CRONACA


I cittadini di Sampierdarena: "Nessuna centralina Arpal misura la nostra salute e ci tocca pagarle di tasca nostra"

di Elisabetta Biancalani

marted́ 09 aprile 2019
I cittadini di Sampierdarena:

GENOVA - Succede anche questo quando i cittadini temono talmente per la loro salute da metterci soldi di tasca propria pur di sapere quale aria respirano. Succede a Genova Sampierdarena, il quartiere “che è il porto” dicono gli stessi cittadini che incontriamo a Live on the road sul tetto di un palazzo affacciato su lungomare Canepa, e che vibra quando passano i camion più grossi. Qui la famosa convivenza tra porto e città è più che reale: pochi metri separano lo scalo dalle case, e in mezzo c’è lungomare Canepa (tutto detto) a sei corsie (quasi) e super trafficata come un’autostrada dopo il crollo di ponte Morandi: “Ora ci stanno costruendo i giardini come fascia non di rispetto ma io la chiamo di dispetto” scherza per non piangere una signora che abita vista migliaia di auto al giorno.

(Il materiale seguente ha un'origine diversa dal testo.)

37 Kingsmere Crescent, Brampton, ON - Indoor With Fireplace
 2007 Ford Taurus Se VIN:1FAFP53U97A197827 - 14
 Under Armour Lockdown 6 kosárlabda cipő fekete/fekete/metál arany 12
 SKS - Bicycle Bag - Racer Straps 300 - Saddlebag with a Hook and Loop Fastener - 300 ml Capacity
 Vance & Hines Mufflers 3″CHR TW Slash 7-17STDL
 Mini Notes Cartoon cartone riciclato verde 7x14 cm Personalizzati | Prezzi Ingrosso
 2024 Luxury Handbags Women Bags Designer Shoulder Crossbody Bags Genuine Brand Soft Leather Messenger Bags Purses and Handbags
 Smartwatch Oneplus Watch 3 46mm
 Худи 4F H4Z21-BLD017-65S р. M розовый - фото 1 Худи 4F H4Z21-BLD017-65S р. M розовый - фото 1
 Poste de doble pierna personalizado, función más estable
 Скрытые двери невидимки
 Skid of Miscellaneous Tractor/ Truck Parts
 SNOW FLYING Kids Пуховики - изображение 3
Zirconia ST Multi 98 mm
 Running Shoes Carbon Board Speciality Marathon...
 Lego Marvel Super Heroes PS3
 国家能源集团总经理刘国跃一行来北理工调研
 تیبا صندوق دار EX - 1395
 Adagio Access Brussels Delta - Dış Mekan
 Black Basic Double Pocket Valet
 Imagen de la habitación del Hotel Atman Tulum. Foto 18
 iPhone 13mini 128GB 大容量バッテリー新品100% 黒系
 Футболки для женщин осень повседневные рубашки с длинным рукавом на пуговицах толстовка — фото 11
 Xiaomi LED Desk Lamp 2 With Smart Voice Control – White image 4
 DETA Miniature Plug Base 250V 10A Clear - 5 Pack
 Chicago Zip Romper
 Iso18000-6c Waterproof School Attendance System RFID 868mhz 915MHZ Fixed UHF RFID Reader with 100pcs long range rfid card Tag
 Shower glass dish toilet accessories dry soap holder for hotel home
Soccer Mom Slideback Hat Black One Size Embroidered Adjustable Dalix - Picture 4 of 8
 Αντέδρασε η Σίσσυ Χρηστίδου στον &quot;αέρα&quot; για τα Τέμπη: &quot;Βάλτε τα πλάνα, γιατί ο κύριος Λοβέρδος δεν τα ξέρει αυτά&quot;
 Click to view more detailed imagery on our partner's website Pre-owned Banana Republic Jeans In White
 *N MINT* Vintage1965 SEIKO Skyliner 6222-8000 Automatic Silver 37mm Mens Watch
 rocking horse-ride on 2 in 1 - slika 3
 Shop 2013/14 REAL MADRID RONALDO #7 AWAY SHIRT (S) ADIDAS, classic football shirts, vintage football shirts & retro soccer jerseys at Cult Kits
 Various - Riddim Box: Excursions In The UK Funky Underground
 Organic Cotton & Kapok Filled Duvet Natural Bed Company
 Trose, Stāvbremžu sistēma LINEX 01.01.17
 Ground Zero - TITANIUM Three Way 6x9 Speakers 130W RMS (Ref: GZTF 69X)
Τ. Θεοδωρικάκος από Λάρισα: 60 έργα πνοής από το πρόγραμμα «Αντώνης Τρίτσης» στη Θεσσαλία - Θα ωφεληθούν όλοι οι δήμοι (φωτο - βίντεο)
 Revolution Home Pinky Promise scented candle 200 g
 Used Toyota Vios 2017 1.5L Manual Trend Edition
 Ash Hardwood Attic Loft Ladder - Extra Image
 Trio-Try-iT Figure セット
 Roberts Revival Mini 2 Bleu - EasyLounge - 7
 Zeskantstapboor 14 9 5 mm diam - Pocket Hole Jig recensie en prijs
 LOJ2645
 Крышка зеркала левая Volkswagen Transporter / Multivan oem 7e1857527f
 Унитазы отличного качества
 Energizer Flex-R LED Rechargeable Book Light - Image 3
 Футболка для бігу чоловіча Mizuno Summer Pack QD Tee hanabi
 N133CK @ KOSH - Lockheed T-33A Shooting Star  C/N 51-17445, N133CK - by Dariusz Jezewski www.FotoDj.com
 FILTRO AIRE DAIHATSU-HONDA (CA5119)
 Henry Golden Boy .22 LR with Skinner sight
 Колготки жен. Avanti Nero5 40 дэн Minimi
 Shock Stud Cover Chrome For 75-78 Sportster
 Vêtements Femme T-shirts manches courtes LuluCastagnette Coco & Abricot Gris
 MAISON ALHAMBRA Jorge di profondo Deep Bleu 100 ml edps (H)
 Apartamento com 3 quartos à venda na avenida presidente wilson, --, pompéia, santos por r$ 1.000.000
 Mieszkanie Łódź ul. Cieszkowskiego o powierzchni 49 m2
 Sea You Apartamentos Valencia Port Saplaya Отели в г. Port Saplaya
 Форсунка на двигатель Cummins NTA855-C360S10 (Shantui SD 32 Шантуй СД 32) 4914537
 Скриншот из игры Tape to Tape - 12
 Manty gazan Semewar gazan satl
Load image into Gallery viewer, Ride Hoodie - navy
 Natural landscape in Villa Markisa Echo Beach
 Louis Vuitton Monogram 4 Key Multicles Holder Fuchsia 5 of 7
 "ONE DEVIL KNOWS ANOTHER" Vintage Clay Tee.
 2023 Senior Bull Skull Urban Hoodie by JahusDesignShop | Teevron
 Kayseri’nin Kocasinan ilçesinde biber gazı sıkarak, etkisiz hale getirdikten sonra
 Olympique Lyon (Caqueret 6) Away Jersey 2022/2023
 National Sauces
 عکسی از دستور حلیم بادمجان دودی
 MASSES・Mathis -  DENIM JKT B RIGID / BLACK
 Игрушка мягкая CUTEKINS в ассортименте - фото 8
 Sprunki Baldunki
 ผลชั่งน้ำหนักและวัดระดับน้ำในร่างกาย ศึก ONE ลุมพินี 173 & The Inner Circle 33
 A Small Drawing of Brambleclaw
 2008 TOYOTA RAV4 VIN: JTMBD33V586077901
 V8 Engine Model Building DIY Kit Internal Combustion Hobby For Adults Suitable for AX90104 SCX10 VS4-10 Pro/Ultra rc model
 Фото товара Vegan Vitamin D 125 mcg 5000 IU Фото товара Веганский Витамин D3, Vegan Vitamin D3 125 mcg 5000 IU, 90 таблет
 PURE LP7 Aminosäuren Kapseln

Non abbiamo neppure una centralina di Arpal che misuri la qualità dell’aria e quindi abbiamo deciso di autotassarci. Ci stiamo facendo fare i preventivi per metterli sui nostri terrazzi, perché ci teniamo alla nostra salute” spiega Silvia Giardella, leader del Comitato Lungomare Canepa. “Abbiamo chiesto ad Arpal che installi centraline in questa zona” fa eco il presidente del Muncipio Centro Ovest Renato Falcidia. Mentre Alberto Simoncini, residente in un bel palazzo che paga l’Imu da ricchi, categoria A2, mostra, mascherina alla bocca, una bottiglietta di vetro dove ha raccolto quanto spazzolato dal davanzale di casa sua: polvere nera spessa, che sembra carbone “e chissà quali polveri sottili abbiamo già respirato”.

“Noi nella sola Sampierdarena abbiamo cinque zone a rischio di incidente rilevante, mappate dalla Prefettura, sulle meno di 15 presenti a Genova: sono tutte in porto, depositi di prodotti petrolchimici o attività simili, tutte a pochi metri dalle nostre case. E poi ci sono i fumi delle navi, i camion...” dice un altro residente. Altro che ricollocare sotto la Lanterna i depositi costieri chimici di Carmagnani a Superba. Qui è una bestemmia.

Temi, quelli della convivenza tra porto e città, che affronteremo lunedì 15 aprile a Terrazza Colombo durante un doppio convegno con comitati, imprenditori e istituzioni a confronto.